As part of a beautiful search for civil discourse, Buster Benson and BJ Campbell are engaged in a public conversation about gun control. Yesterday, BJ surfaced some really interesting research into gun law effectiveness that he sums up well:
the NRA’s “guns don’t kill people, people kill people” rhetoric actually turns out to be not only very clean, it turns out to be scientifically correct. In particular, violent people kill people.
This, I think, is the key to finding an American consensus on gun control. Popular support for “common sense” gun laws does not appear to include regulation of weapons production, but rather is a proxy for cracking down on dangerous people. (Which makes me wonder if that support will stand when the definition of dangerous people turns out to include people who look like your son.)

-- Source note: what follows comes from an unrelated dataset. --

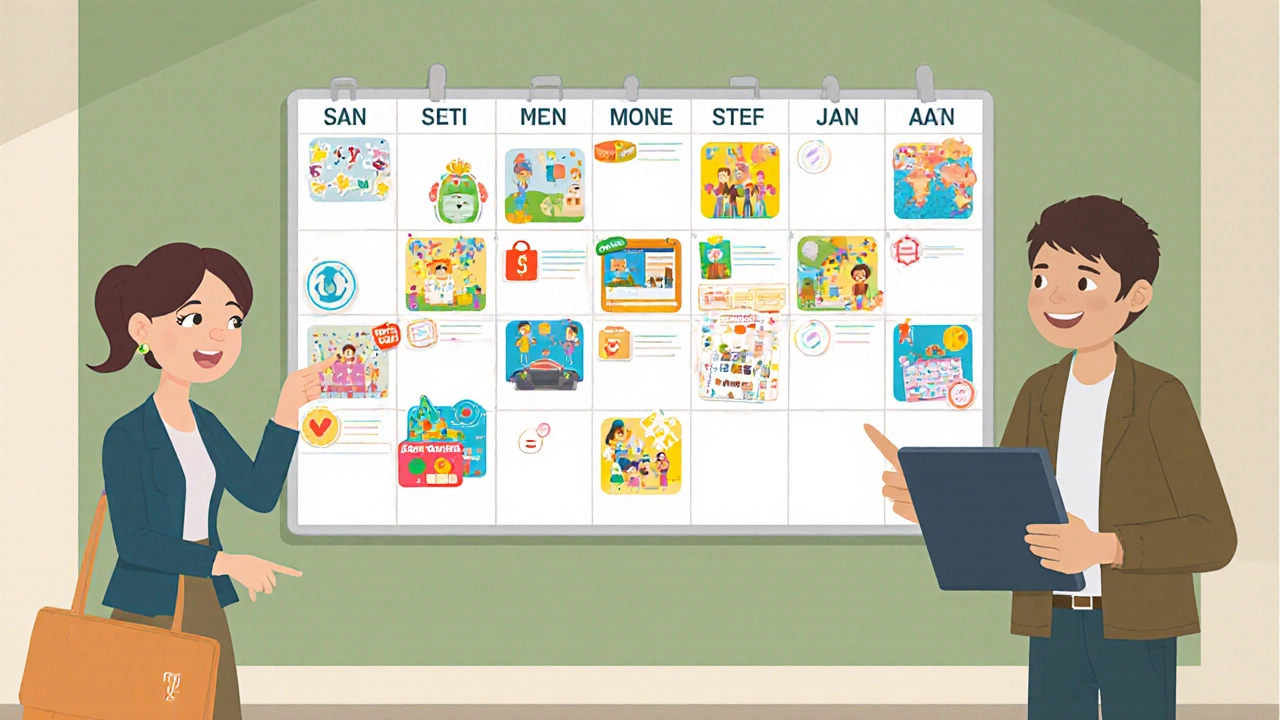 Стена с календарем мероприятий, учителя и родители обсуждают планы.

Let’s assume, then, that Red and Blue America can agree that we need government to restrict the rights of classes of people based on an expectation that they will be dangerous. If this is done without explicitly and specifically weakening the right to bear arms, the slippery slope is treacherous.
Unfortunately, we already experiment with variable citizenship rights. The disenfranchisement of felons when felon status is widely the result of arbitrary enforcement targeting is a well-known example. Transgender disenfranchisement is less visible to most Americans but quite widepread. Increasingly narrow legal definitions of classes protected from discrimination leave many people exposed to socially enforced restrictions.
We stand now on the edge of a new risk. Our eagerness to find a way to stop Kevin from shooting his classmates could unwittingly provide a hook for new rights limitations to hang from by creating a new class of rights-restricted citizen. We could aim to circumvent the NRA but find the ACLU is collateral damage.